Man AHL Diversified. British based. Have been running this for about 10 years with fantastic success. Make directional calls on different commodities and indexes. Their skill set lies in following trends.
Bonds. Mid-to long-term (10-30 year) bond rates have run substantially higher, which means bond prices have plummeted. Looks like it may be starting again. If there is a continuation of rising interest rates, investors in bonds and bond funds could suffer a significant amount of loss on their capital. iShares Canadian Long Bond ETF (XLB-T) would be a good one to use.
Trading Up. Buy the top performing stocks based on a growing divergence between the best performers and the rest of the market. Throughout history the strongest stocks have been the ones that continued to hit new highs and made the most money.
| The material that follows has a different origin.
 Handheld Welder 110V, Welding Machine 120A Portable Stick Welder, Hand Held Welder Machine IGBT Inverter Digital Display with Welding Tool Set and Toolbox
Pair Trading. Go Long the stronger companies and Short the weaker companies in the same sector. Money managers will be selling off their laggards and move their money into the strong companies. This can be a dangerous thing in a Bull market.
3-Trade Strategy. If a stock breaks down 5%-10% below what you paid, Sell to protect your capital. If you like the stock his strategy is to have a stoploss with a Buy below the stoploss. Example $20 stock and a $19 stoploss but have a Buy order at $15.
Buy Winners coming out of Bases or Consolidations. There is no money in a Basing pattern. The longer it goes and the deeper it is there are a lot of shareholders that are not happy. As it tries to recover their going to try and sell.
Sell Strategy. Sell when the stock undercuts the uptrend. This fabulous market is not going to last forever and we are getting late in the cycle. The bottom of a trend channel is the 50-day moving average. If it undercuts that is your Sell signal.
Canadian banks. Have had a huge run and expects they will trade in a range for a bit. Will probably experience some losses on their loan portfolios but long-term the banks are phenomenal.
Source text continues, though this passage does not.